私は魁傑以降、全ての大関の新大関の場所を見てきているけれど、あの千代の富士でさえ途中休場を余儀無くされたほど、新大関は大変だと思わされることが多かった。なにより、祝賀会などスケジュールがたてこんで十分に稽古をつみにくいし、責任の重さというプレッシャーに打ち勝たなければならないという問題もある。これについては琴欧州も例外ではないだろう。朝青龍の場合も、初日から8連勝しながら途中で4連敗して10勝にとどまったくぐらいである。10勝すれば新大関としては合格ということになるだろう。したがって、優勝という期待はあまりかけられないと思う。
となると、朝青龍8連覇の可能性について考えてみたい。かなり濃厚、とは思うが、今年も年末年始はモンゴルに里帰りし、日本に戻ってから仕上げているという。モンゴルでどのような自主トレをしているか不明なので断言はできないけれど、秋場所のように少しでも調子を落すと安美錦に敗れたような番狂わせはあり得ると思う。
それよりも期待したいのは、琴欧州の大関昇進に刺激されたかつての大関候補たちの奮起である。白鵬、琴光喜、若の里、稀勢の里といったところの活躍が期待される。特に琴欧州戦となると別人のような相撲になる稀勢の里、先場所も同体取り直しという熱戦を見せてくれた白鵬は若手のホープとしてぜひ活躍してほしいし、また活躍してもらわなければ困る。琴欧州の兄弟子である琴光喜も内心期するものがあるだろう。
休場明けの栃東と先場所10勝をあげた魁皇、千代大海の先輩大関にはなんとしても打倒朝青龍の意地を見せてほしいところだ。

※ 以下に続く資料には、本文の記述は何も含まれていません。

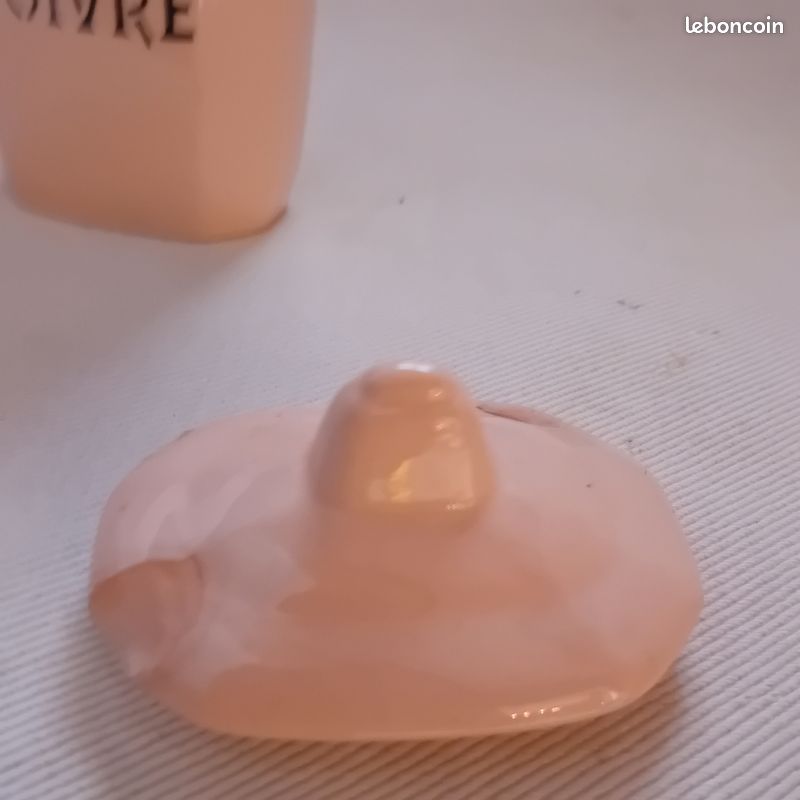 Série de pot de cuisine faïence Digoin Sarguemines de Type Beaujeu rose-crème (image 17)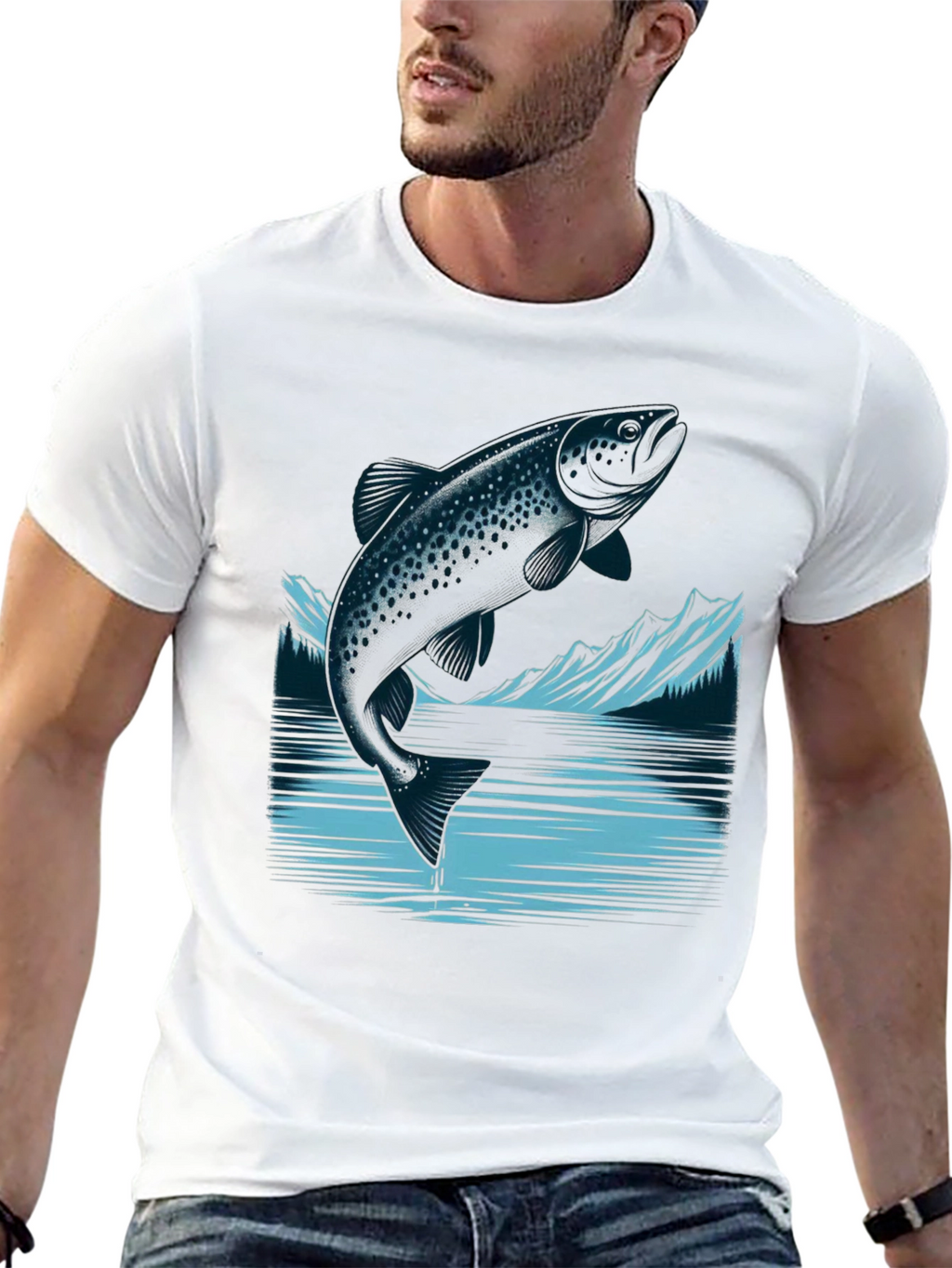Trout Graphic Tee - Black Cotton T-Shirt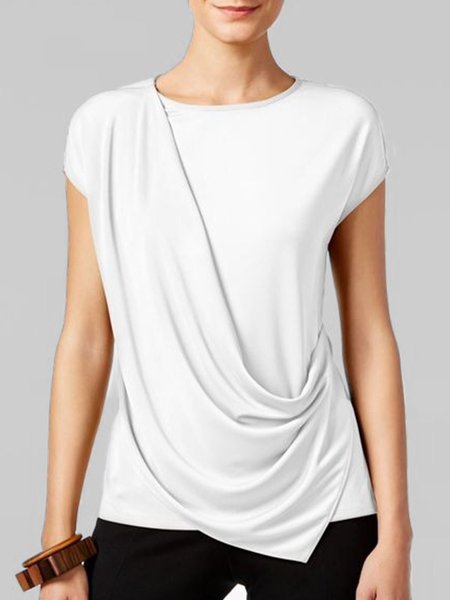 

Casuale Maniche Corte Solido Top, Bianco, Tank Top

本音をいえば、もう朝青龍にばかり優勝を許すふがいない力士たちの姿は見たくない。なんとしても連覇阻止を果たしてほしい。一人だけ強い力士がいても、場所は盛り上がらないのだ。北の湖には輪島、二代目若乃花(幹)、貴ノ花、魁傑、三重ノ海、旭国らが、千代の富士には隆の里、双羽黒、大乃国、北勝海、旭富士、小錦、霧島らが、貴乃花には曙、若乃花(勝)、武蔵丸、貴ノ浪、琴錦らがライバルとして立ちはだかった。だから土俵も盛り上がった。朝青龍にはそこまでのライバルと呼べる力士をあげられるだろうか。琴欧州だけではいけないのだ。あとに続く力士たちの台頭を待ち焦がれているのである。